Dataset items
+++++
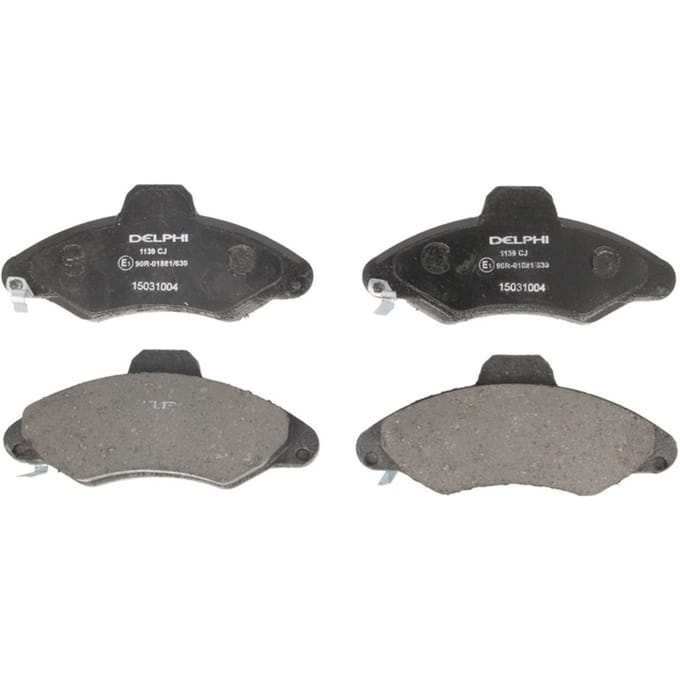 Remblokset DELPHI LP1139, voor
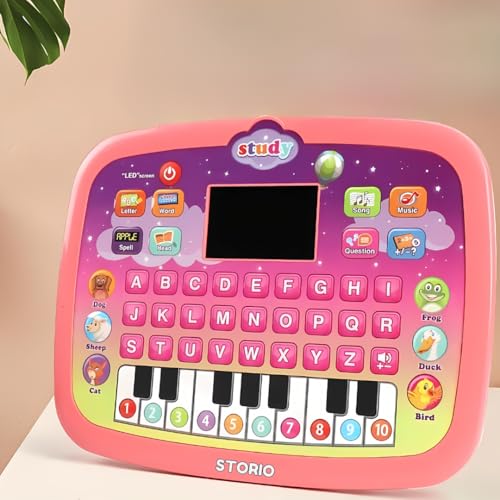 Storio Learning Educational Kids Piano Laptop with Led Screen Music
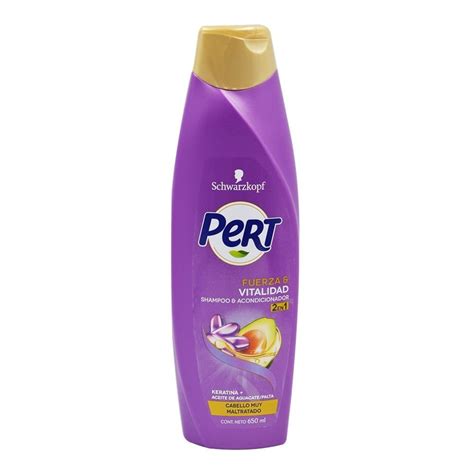 Shampoo Y Acondicionador Pert 2 En 1 Fuerza Y Vitalidad 650 Ml Walmart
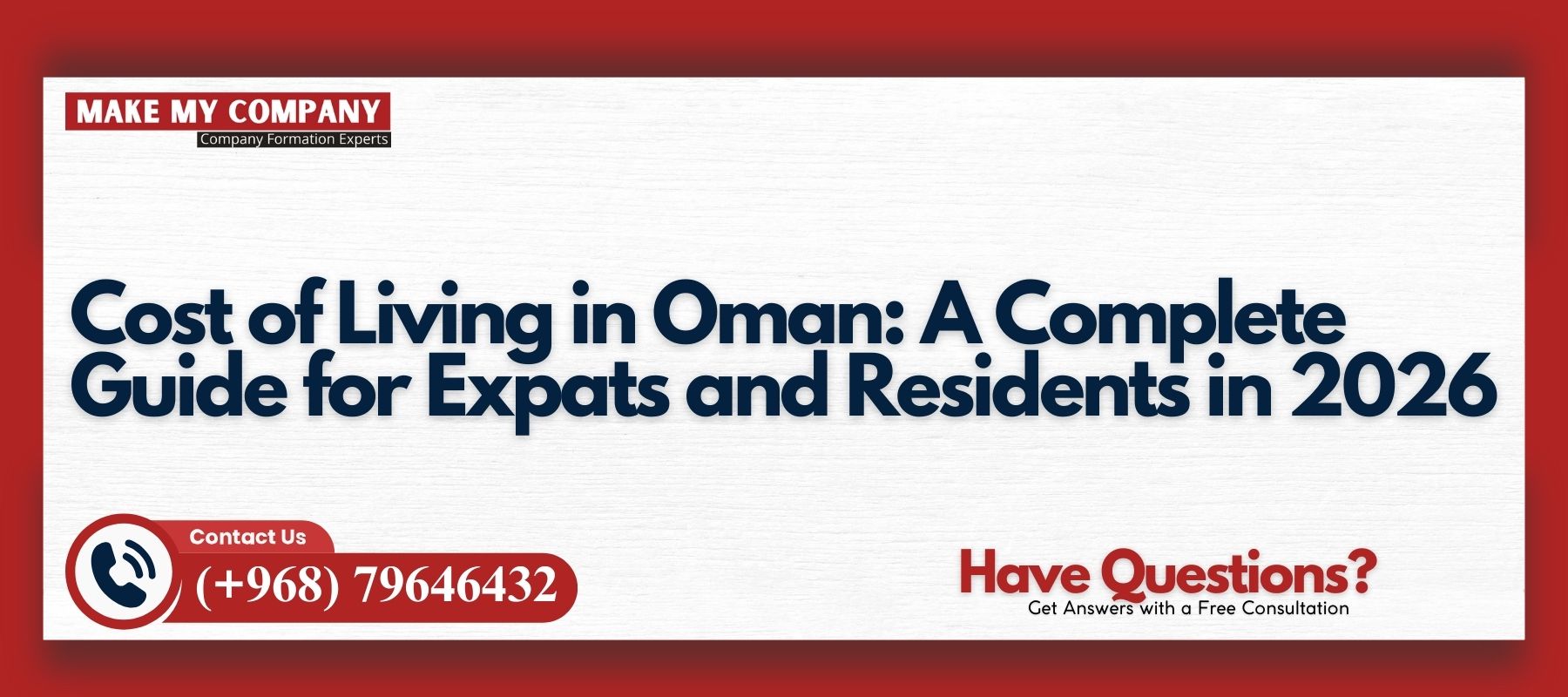 Cost of Living in Oman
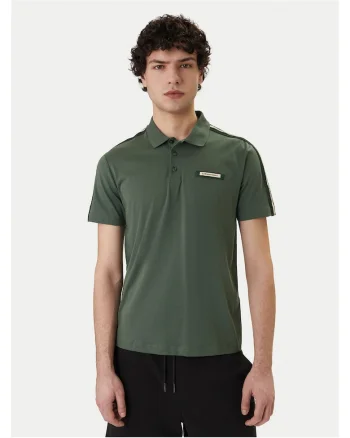 Tricou barbati,  bumbac, verde inchis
+++++
WORK TO BE COMPLETED:
For the records above, output each one exactly and skip any image.

RESPONSE TO THE TASK:
 Remblokset DELPHI LP1139, voor
 Storio Learning Educational Kids Piano Laptop with Led Screen Music
 Shampoo Y Acondicionador Pert 2 En 1 Fuerza Y Vitalidad 650 Ml Walmart
 Cost of Living in Oman
 Tricou barbati,  bumbac, verde inchis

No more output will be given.